“We’re terrified, but we must act.”
Standing Together writes to supporters.
We woke up today after a terrifying night of sirens and running to the bomb shelter to news that eight civilians were killed in Israel overnight. Yesterday, 12 people were killed in Iranian missile attacks, including an entire family. And the day before? Three people. Dozens of residential buildings have been completely destroyed. Hundreds wounded. Our hearts are broken. We have never experienced something like this in our homeland.
War is always bad news – and we know that this war, led by extremist leaders who have only their political survival in mind, cannot make us safer. Yes, we are afraid of the threat of a nuclear bomb, but we are more afraid of our corrupt leadership pushing us toward endless war and turning us all into “collateral damage.”
Netanyahu, along with Smotrich and Ben-Gvir, are not just abandoning the hostages and distracting from their war of annihilation in Gaza, they are now dragging us into war with Iran. Netanyahu has proven time and again that he does not care to protect us, Jews and Palestinians. He only cares about himself. For him, we are just collateral damage in his mission to continue a forever war to keep his government in power and advance its messianic agenda. This isn’t what safety looks like. Real long-term safety will only come with diplomatic agreements.
No one deserves to live in constant fear of dying from a missile. We deserve to live in true safety, free from attacks from fundamentalist regimes.
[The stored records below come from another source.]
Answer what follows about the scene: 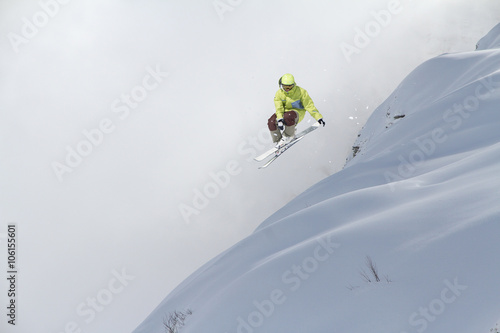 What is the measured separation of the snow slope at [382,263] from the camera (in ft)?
12.5

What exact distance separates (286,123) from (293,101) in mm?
695

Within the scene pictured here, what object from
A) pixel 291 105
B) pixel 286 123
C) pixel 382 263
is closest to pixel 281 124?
pixel 286 123

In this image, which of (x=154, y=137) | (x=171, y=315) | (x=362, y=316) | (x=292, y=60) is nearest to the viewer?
(x=362, y=316)

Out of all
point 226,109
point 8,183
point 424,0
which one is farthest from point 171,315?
point 8,183

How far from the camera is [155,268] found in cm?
13300

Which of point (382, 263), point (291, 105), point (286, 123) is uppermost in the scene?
point (291, 105)

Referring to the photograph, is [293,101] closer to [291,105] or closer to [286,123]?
[291,105]

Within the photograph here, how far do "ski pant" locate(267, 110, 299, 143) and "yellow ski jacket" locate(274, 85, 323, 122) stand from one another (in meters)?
0.14

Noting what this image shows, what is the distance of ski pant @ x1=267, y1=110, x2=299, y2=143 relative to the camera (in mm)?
13445

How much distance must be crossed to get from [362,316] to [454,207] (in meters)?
1.78

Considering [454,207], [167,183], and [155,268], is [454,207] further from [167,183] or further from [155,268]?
[167,183]

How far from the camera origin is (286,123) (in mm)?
13672

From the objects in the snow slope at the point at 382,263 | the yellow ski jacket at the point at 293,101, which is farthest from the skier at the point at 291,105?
the snow slope at the point at 382,263

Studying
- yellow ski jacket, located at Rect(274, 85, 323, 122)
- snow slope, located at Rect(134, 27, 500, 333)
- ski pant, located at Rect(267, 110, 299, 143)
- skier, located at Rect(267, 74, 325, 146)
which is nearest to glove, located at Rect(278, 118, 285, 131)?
skier, located at Rect(267, 74, 325, 146) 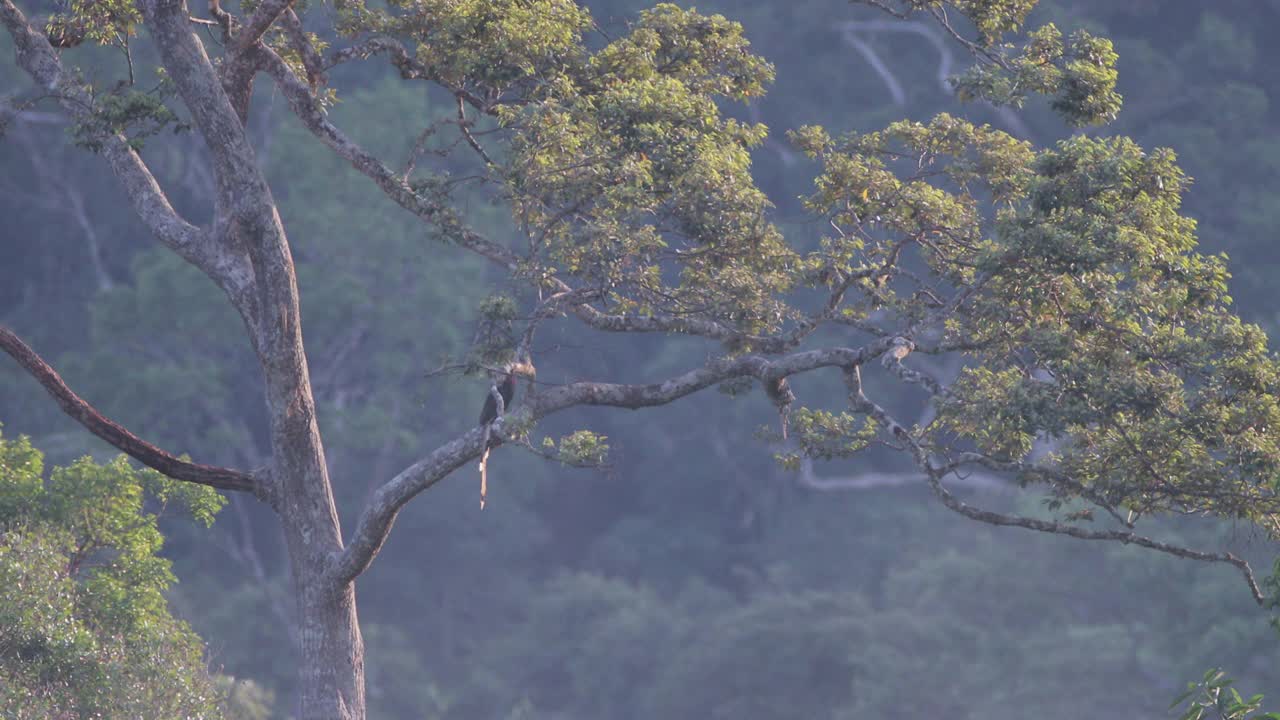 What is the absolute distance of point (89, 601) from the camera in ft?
35.8

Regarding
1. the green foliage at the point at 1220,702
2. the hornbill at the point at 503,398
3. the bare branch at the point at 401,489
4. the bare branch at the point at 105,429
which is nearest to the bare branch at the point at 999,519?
the green foliage at the point at 1220,702

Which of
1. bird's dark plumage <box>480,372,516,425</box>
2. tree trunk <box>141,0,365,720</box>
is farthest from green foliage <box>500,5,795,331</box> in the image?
tree trunk <box>141,0,365,720</box>

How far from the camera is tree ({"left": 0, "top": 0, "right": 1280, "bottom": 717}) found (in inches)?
328

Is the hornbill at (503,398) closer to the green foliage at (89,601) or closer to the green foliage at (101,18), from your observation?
the green foliage at (89,601)

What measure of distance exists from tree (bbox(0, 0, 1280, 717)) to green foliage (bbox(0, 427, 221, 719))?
1.42 m

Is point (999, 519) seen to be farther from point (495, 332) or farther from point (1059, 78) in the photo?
point (495, 332)

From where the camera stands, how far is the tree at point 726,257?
833 cm

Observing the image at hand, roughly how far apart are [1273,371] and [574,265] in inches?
151

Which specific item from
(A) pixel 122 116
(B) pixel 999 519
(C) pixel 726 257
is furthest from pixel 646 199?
(A) pixel 122 116

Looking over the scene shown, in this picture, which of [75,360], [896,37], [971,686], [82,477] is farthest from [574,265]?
[896,37]

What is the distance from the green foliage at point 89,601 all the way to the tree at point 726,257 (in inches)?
55.9

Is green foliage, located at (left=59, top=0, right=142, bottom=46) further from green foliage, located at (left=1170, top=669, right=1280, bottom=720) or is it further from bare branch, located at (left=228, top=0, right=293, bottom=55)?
green foliage, located at (left=1170, top=669, right=1280, bottom=720)

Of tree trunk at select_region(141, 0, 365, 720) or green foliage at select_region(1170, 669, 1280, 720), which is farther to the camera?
tree trunk at select_region(141, 0, 365, 720)

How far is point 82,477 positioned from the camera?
11273mm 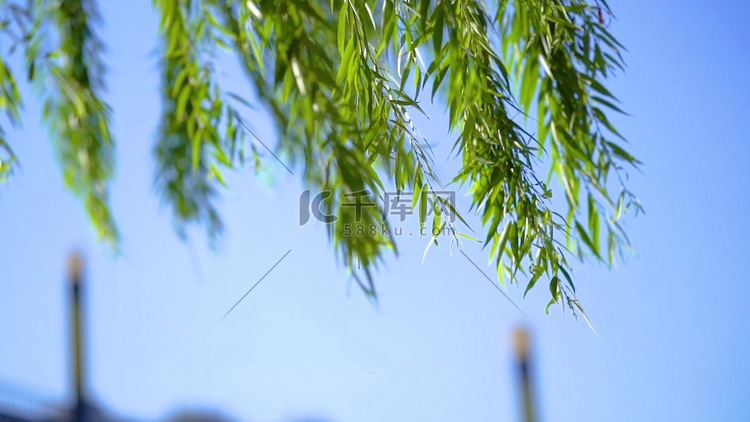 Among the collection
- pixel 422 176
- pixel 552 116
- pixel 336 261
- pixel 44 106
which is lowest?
pixel 336 261

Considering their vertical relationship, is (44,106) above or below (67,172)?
above

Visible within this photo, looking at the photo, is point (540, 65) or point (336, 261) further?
point (540, 65)

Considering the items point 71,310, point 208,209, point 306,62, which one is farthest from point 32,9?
point 71,310

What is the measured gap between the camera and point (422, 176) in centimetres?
115

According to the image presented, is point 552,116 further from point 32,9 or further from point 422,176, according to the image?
point 32,9

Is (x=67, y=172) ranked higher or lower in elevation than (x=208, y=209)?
higher

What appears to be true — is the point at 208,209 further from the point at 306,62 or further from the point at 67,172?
the point at 306,62

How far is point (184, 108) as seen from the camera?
1.57 meters

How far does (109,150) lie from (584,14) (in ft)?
4.18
While our leaders sit in bunkers, we, the people in the Middle East, pay the highest price. And for Bedouin in the Negev/Naqab living in unrecognized villages without protection from drones and missiles, and many neighborhoods across the country lacking shelters and safe rooms, the risk is even higher. Our government doesn’t care about our safety, but we do. That’s why we’re campaigning for our government to build safe rooms in areas that don’t have them.
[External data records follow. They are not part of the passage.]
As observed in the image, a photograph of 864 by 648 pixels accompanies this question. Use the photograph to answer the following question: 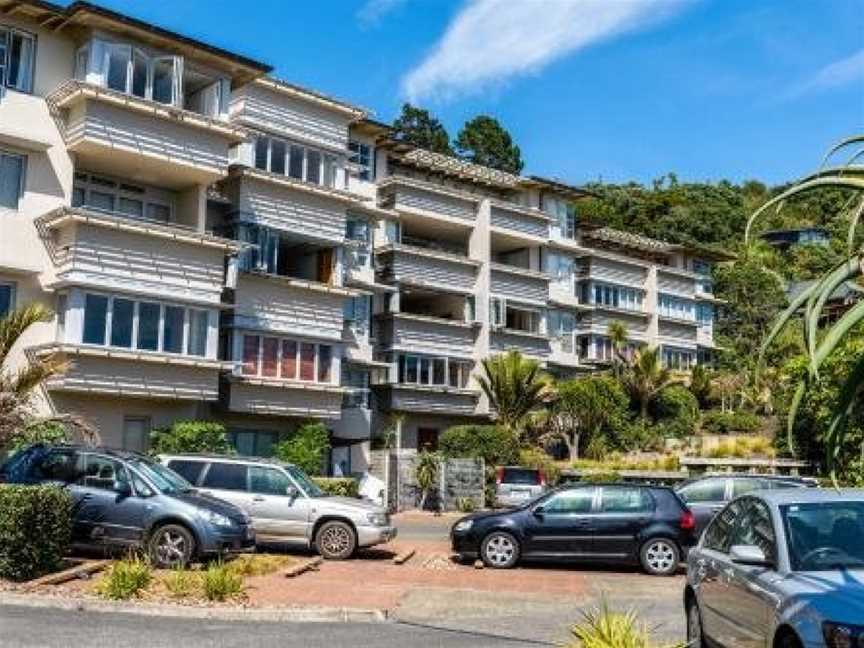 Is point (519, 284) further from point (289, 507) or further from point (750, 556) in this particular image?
point (750, 556)

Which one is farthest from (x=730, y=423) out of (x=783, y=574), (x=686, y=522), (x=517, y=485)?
(x=783, y=574)

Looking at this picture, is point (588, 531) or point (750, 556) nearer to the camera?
point (750, 556)

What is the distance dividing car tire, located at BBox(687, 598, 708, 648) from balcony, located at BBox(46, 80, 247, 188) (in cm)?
2395

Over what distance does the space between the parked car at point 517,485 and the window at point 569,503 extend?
1423cm

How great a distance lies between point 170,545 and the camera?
53.8ft

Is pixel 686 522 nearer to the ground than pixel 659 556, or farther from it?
farther from it

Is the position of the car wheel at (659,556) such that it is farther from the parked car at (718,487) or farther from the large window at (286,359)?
the large window at (286,359)

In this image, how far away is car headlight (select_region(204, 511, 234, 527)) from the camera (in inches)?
647

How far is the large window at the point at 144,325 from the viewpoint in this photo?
29077 millimetres

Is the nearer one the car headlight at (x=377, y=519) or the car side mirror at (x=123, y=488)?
the car side mirror at (x=123, y=488)

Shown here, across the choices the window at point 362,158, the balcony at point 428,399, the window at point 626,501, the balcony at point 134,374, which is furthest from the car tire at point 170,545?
the window at point 362,158

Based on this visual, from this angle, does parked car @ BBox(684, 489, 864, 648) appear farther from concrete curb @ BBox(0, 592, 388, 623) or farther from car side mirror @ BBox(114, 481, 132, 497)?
car side mirror @ BBox(114, 481, 132, 497)

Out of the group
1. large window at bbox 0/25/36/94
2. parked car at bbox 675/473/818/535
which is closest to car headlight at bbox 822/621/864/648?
parked car at bbox 675/473/818/535

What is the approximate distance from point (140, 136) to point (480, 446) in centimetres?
1721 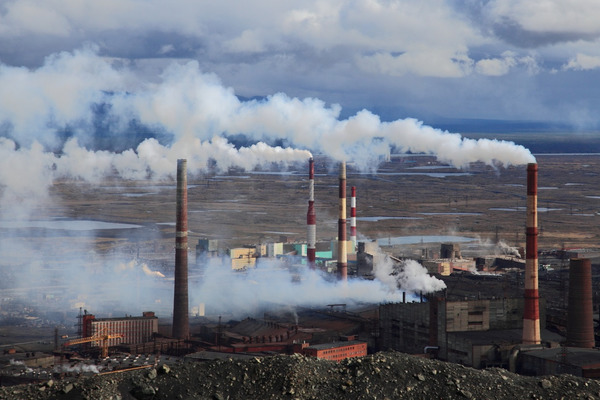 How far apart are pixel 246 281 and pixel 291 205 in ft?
242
Alongside this, we’re resisting our extremist leaders by strengthening our solidarity with one another. We know that in times like this, community is more powerful than ever. We’re organizing Zoom calls to hold space for shared fear and grief, establishing solidarity networks across all our local and student chapters to assist with cleaning bomb shelters and damaged apartments and helping with childcare, and we’re connecting community members who don’t have safe rooms with those who do.
All of us deserve better. And we can have better. Instead of eternal war, we can reach agreements that will ensure real safety for us, that will end the war, and that will guarantee us lives of dignity, with no more nights of anxiety and horror.